Exercise goal
The material below contains a line with "ete　SV925リング（ボールドリング） トリカラー］ ニュアンス" and a line with "Professional Electrician Thika-House". Copy exactly those two lines and all lines between them.
··· Records provided ···
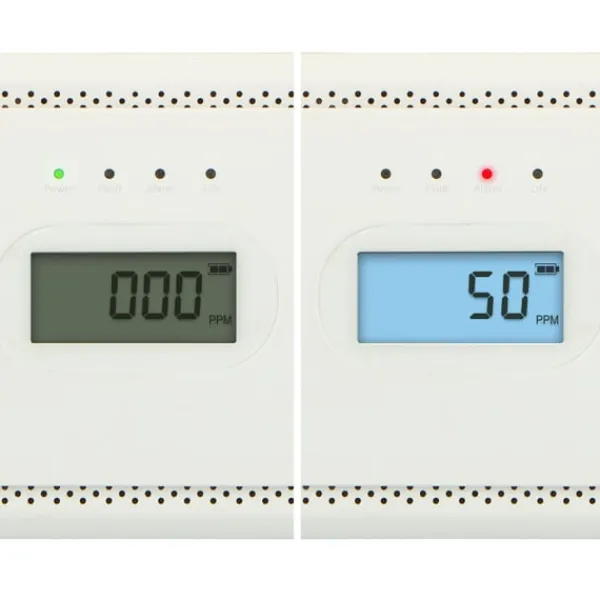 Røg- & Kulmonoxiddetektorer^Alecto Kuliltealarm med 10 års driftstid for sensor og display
···
··· Records provided ···
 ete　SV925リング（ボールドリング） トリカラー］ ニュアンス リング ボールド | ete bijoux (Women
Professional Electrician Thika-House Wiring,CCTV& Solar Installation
···
Written response
 ete　SV925リング（ボールドリング） トリカラー］ ニュアンス リング ボールド | ete bijoux (Women
Professional Electrician Thika-House Wiring,CCTV& Solar Installation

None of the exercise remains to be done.